Nesse contexto, a ideia de que exista uma rede de comunicações fora do alcance de governos e autoridades ganha um atrativo a mais. “Apesar do intenso preconceitos contra as chamadas deep web e dark web, são canais que surgiram a partir de ferramentas de proteção à privacidade”, diz Ronaldo Lemos.

“Em vários países do mundo, especialmente em regimes autoritários onde a rede é controlada e as liberdades civis ameaçadas, esse tipo de de espaço torna-se um dos poucos ambientes públicos onde é possível manifestar pensamentos e opiniões de forma livre”. E acrescenta: “não existe apenas uma dark net, mas várias. Elas são uma consequência da estrutura aberta da internet. Apesar dos inúmeros problemas que elas trazem e que devem ser combatidos, eles são o preço a se pagar por manter a internet com uma arquitetura descentralizada, livre e aberta”.

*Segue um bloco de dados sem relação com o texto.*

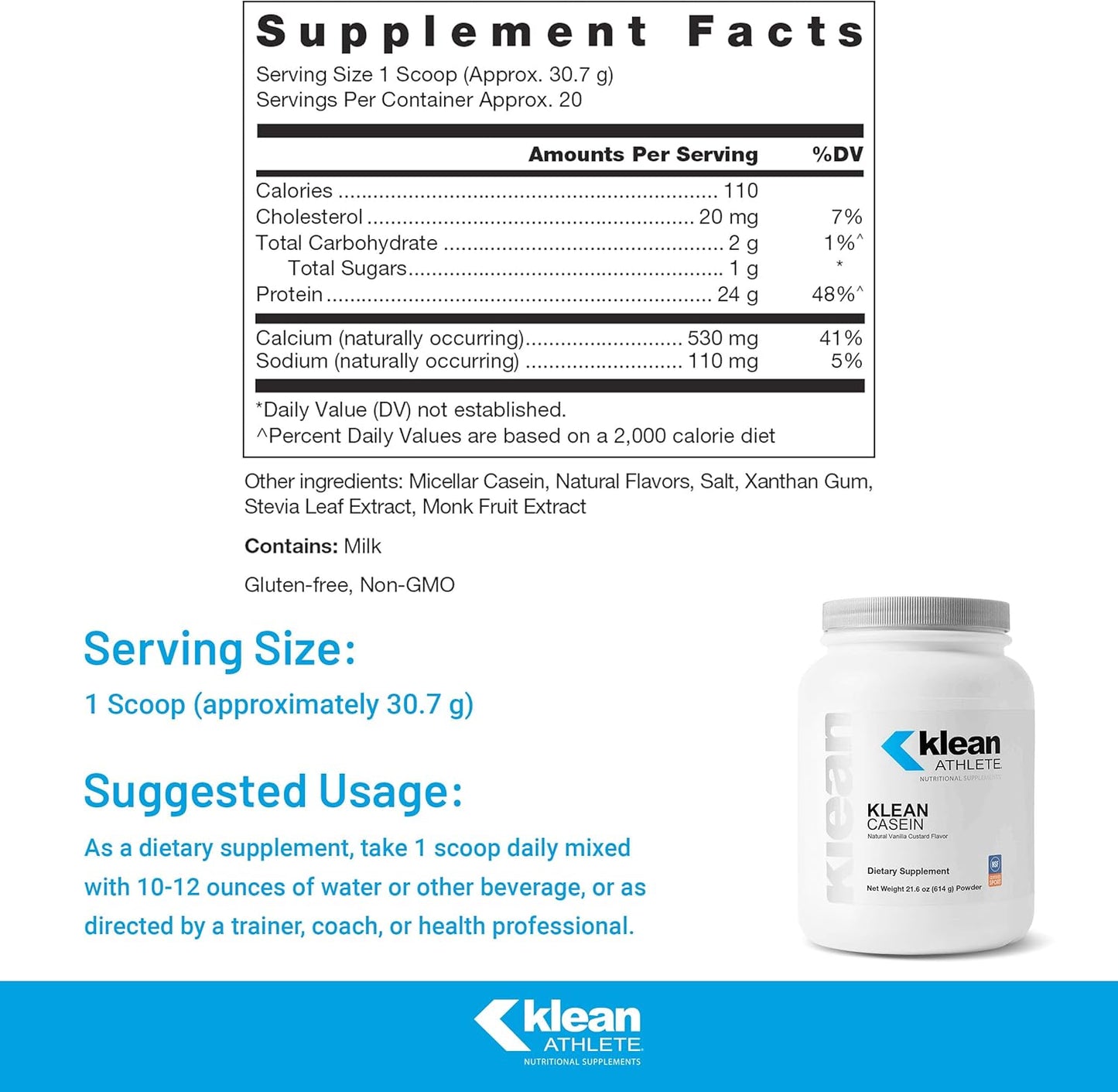 NSF Certified Klean ATHLETE Casein Protein for Recovery & Muscle Support - 21.6 oz Natural Vanilla Custard Flavor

Para Juliana Freire, no entanto, a vigilância pelo governo é um problema menor. “O Google, o Facebook, o Twitter, sabem de tudo. O Google está lendo todos os seus e-mails. “Você querer privacidade e ficar preocupada com o governo é bobagem porque tem companhias que provavelmente sabem mais do que o governo”. “Imagina o tanto que você revela ao Google só ao fazer buscas?”, questiona. “A privacidade é impossível. O que é necessário é regulamentação, porque agora não dá mais para parar esse processo”.